Module 3: IntroductionHello,

I am an Anthropology major with 2 minors in Statistics and Biology. I hope to be a Bio-Archaeologist. I will be doing my Wiki on Gender in Ancient China. As a young Vietnamese woman, my culture is strongly influenced by Chinese philosophy, so I would like to use this opportunity to research about gender in China. By doing so, I hope to learn about how gender differences originated in China as to further my understanding of my own culture's beliefs.

Thank you and have a wonderful day! :)



Module 4: Relevant Websitehttp://people.unt.edu/jw0109/misc/stereotype.htm

The following website was written by student (I'm assuming) from the University of Northern Texas. I found it in the university's archives. This student is of Chinese descent and offers his/her perspective on the gender stereotypes and inequalities that he/she has researched about through scholarly articles and through personal experience.

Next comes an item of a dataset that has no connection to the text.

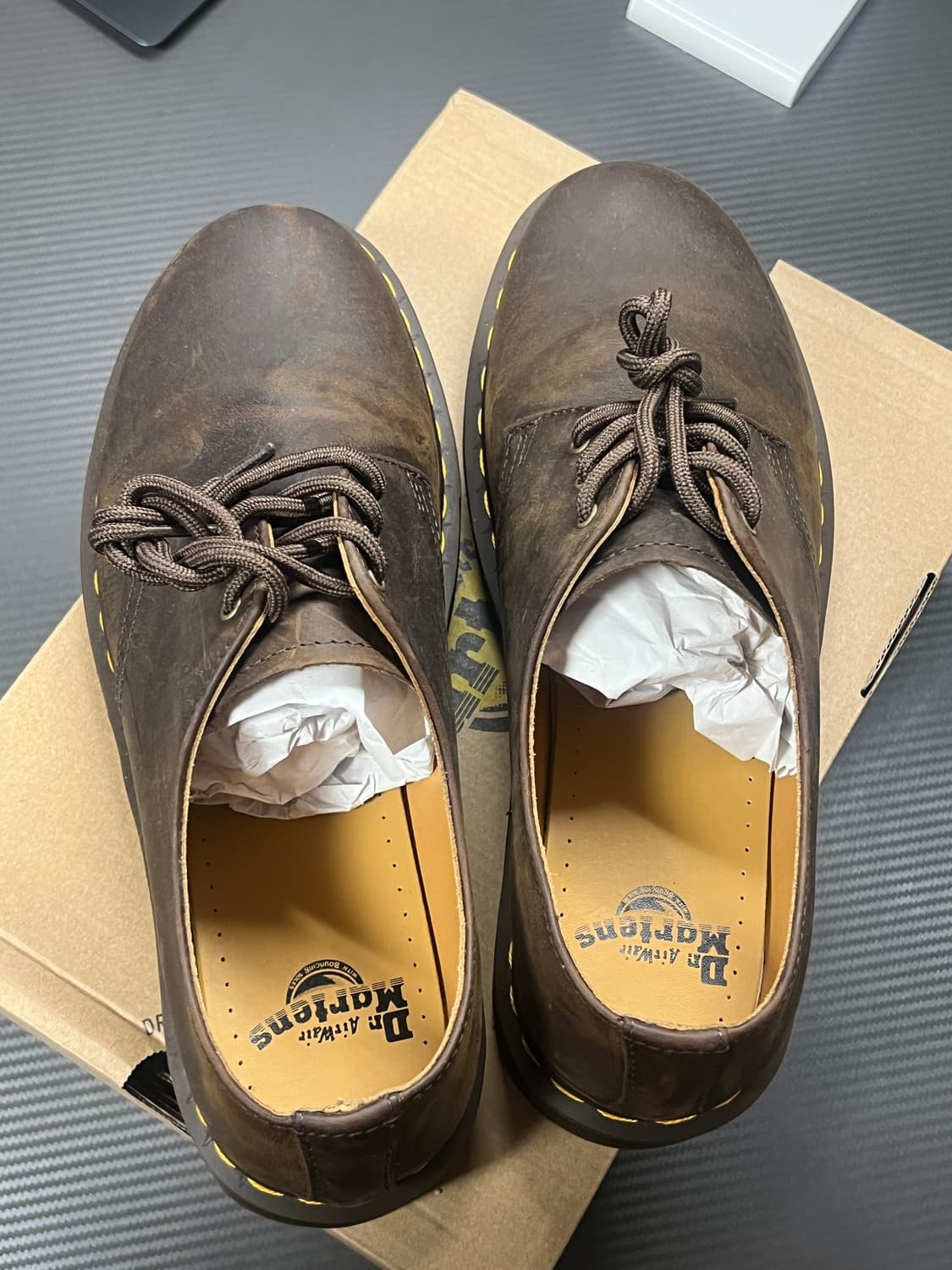 닥터마틴 1461 크레이지홀스 다크브라운 280 (UK9) 상품이미지4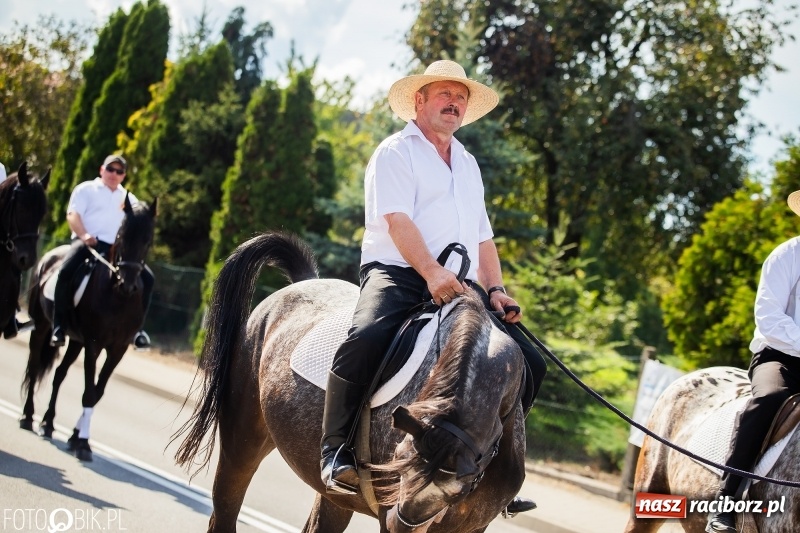 Zdjęcie w galerii na portalu naszraciborz.pl: Dożynki 2018. Dziś świętuje Racibórz. Barwny korowód od Sudoła do Studziennej WIDEO wiadomości z regionu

Module 5: Relevant ImageThe link to the image can be found here:

http://www.chinaculture.org/gb/en_aboutchina/2003-09/24/content_22879.htm

CAPTION: An illustration of Wu Zetian, the only female emperor of China. She reigned successfully during the Tang Dynasty.



Module 6: HistoryLink to the History of a Wiki related to my topic:

http://en.wikipedia.org/w/index.php?title=Taoist_sexual_practices&action=history

Link to the History of a Wiki controversial:
http://en.wikipedia.org/w/index.php?title=Homosexuality_in_China&action=history

Information on these wikis is not very reliable because it can be edited by just about anyone depending on the page. The editor has not established his or her credentials because many times, the wikis can be edited by the public.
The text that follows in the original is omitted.